Having an affair will be the most excruciatingly awful experience you're ever likely to go through voluntarily, and so a solemn piece of advice to you is this, if you can help it, don't fall in love. Don't do yourself the disservice of ever truly believing that your married man will leave his wife for you because if he wanted to, he already would have. And so, never threaten to reveal his affair in order to get your way or get him for yourself. Also consider whether you would ever trust him not to cheat on you as he cheated on his wife, even if he left her for you. Once a cheater, always a cheater. Don't stake your psychological and emotional health on the odds that he will commit to you. You would have a far higher chance of winning the lottery while being simultaneously struck by lightning.
Another simple point that you need to remember and follow is not to offer or provide sexual exclusivity or fidelity to your married man. While this may be fun for you, don't stop yourself from exploring healthier and more normal relationships either. Besides, if he's cheating on his wife with you, then he's hardly in the position to tell you to be sexually exclusive to him, regardless of whatever he may say about his sex life with his wife.
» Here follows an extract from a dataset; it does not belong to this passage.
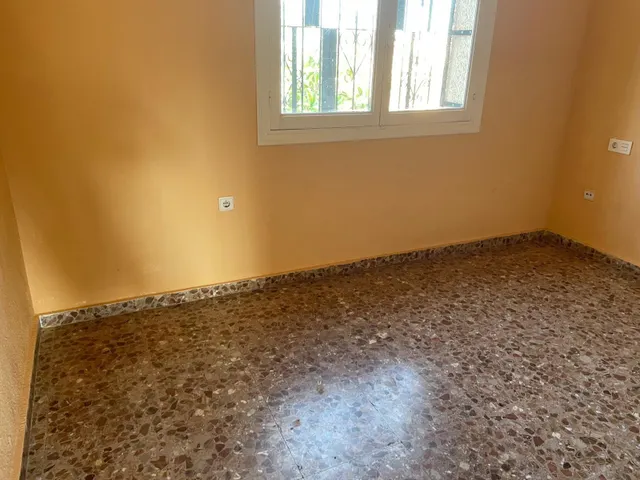 Casa con parcela en Los Balcones, Torrevieja. 5 dormitorios, 2 baños — 41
If you find someone during your tryst with whom you can enjoy a healthier bond, even if you don't see a future with him, don't hold yourself back, but just give it a shot.
While you should refrain from talking to friends or family in order to avoid being constantly criticized or judged, if you have a friend whom you know with absolute certainty wouldn't betray your confidence, talk to him/her about your situation, and use him/her as emotional support whenever you feel yourself being brought down by the situation. Avoid turning to chemical crutches at any point to make it easier to emotionally and psychologically deal with it. Submerge yourself in personal and professional goals, and surround yourself with friends as often as you can, while you're not spending time with him.
Lastly, though you're his fantasy woman, and you should enjoy sex as freely as you can open up to him, never allow yourself to become his subservient doormat. You do not have to always be available at his beck and call. While you can pretend to do so sometimes, if you're in the mood to grant him an ego-boost, never let him take you for granted or violate boundaries which you would rather he didn't cross. Always practice safe sex by using contraceptives and protection since the last thing you and your psyche need at this point is an unwanted pregnancy.
Although you should tweak your looks and personality from time to time in order to accommodate his tastes better, don't let him change who you are on the inside. If you feel this becoming difficult, and you feel stronger emotions growing within yourself, we recommend ending matters right away. End the relationship on your terms rather than have yourself falling for him and then being pushed away because your emotions and feelings are inconvenient for him to deal with.
While your desire to cater and submit to his tastes where you can to make him feel better is laudable, never forget that your utmost duty is to yourself, not him. While you may care about him, may feel for him, or may even genuinely wish to help him or take care of him, remember that he thinks you're dispensable. So, take care at every turn to shield yourself from mental and psychological harm. There will be times when you may feel bad about the situation you're in, but you can't show any negative feelings while you're attempting to remain the perfect mistress. Whatever may have attracted you to him, and may be keeping you beside him, will also surely be available in someone else who's not already married and cheating on his spouse. You deserve someone who can provide you with a happy, healthy, loving and stable relationship.